Tahoe plan headed back to court
Environmental groups on May 7 appealed a recent ruling by federal District Judge John Mendez upholding a regional plan update adopted by the Tahoe Regional Planning Agency. The appeal, filed with the U.S. Court of Appeals for the Ninth Circuit in San Francisco, argues that Mendez “failed to analyze the RPU's negative impacts on soil conservation, water quality and air quality,” according to a statement from the law firm Earthjustice. “On top of that flaw, TRPA made erroneous findings that the RPU would protect Lake Tahoe's environment.”
Earthjustice, a law firm with offices in nine states and Washington, D.C., that has handled many major environmental cases dealing with air quality, fracking, Arctic drilling and climate change., is handling the appeal for the Sierra Club and Friends of the West Shore.

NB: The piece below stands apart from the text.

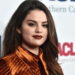 Após programa de culinária, Selena Gomez trabalha na produção de novo álbum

“The Agency's strange strategy to protect Lake Tahoe and its surrounding landscape from the damage caused by excessive urbanization over past decades is to promote even more development,” said Earthjustice attorney Wendy Park. “We will continue our fight to protect the lake from the misguided actions of the agency charged with protecting and restoring its environment.”
In a prepared statement TRPA executive director Joanne Marchetta said the plan “authorizes less than half as much new development as the 1987 plan, maintains growth caps and urban boundary limits on all development and authorizes no new hotel accommodation units, continues some of the strongest scenic protections in the nation and assures no new high-rises can be built, supports greenhouse gas reductions and smart growth, proposes modest infill redevelopment in a handful of existing town centers.”
The dispute has split the two green groups from some of its longtime allies, including U.S. Sen. Harry Reid of Nevada.